DOPO L’ACCORDO bilaterale della Gran Bretagna con Kyiv il 12 gennaio scorso, oggi ci saranno precisazioni dalla Germania e soprattutto una firma di un accordo bilaterale sulla sicurezza a Parigi: Londra ha stanziato altri 2,5 miliardi per l’aiuto militare all’Ucraina nel 2024 (dopo 2,3 miliardi sia nel 2022 che nel 2023), Berlino promette 8 miliardi solo quest’anno (ha appena inaugurato una nuova fabbrica di munizioni in Bassa Sassonia), la Francia non dettaglia il montante, ma dopo le critiche dell’istituto Ifw di Kiel sul basso contributo di Parigi, darà oggi informazioni sul materiale militare, altri 40 missili Scalp, altri cannoni Caesar, sistemi di difesa aerea Crotal, lancia-missili, missili anti-carro. La Francia, che ha messo la sua industria militare in «economia di guerra», prende la leadership della “coalizione artiglieria” (aumenta la produzione di obici 255 e di Caesar), più la difesa aerea, in particolare per la formazione dei piloti.

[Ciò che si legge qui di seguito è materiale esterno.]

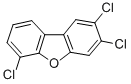 2,3,6-Trichlorodibenzofuran Structure,57717-33-6Structure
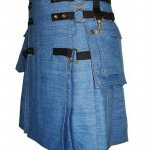 Men’s Denim Fashion Kilts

La Nato ha promesso ieri all’Ucraina un milione di droni, un gruppo di “alleati” è in formazione, con la leadership di Gran Bretagna e Lettonia (con Svezia, presto nuovo membro, Danimarca, Germania, Lituania, Estonia e Olanda). La Danimarca si impegna a consegnare a Kyiv 19 F16 nel secondo trimestre di quest’anno, l’Olanda ne dovrebbe dare 42, ma non ha stabilito una data.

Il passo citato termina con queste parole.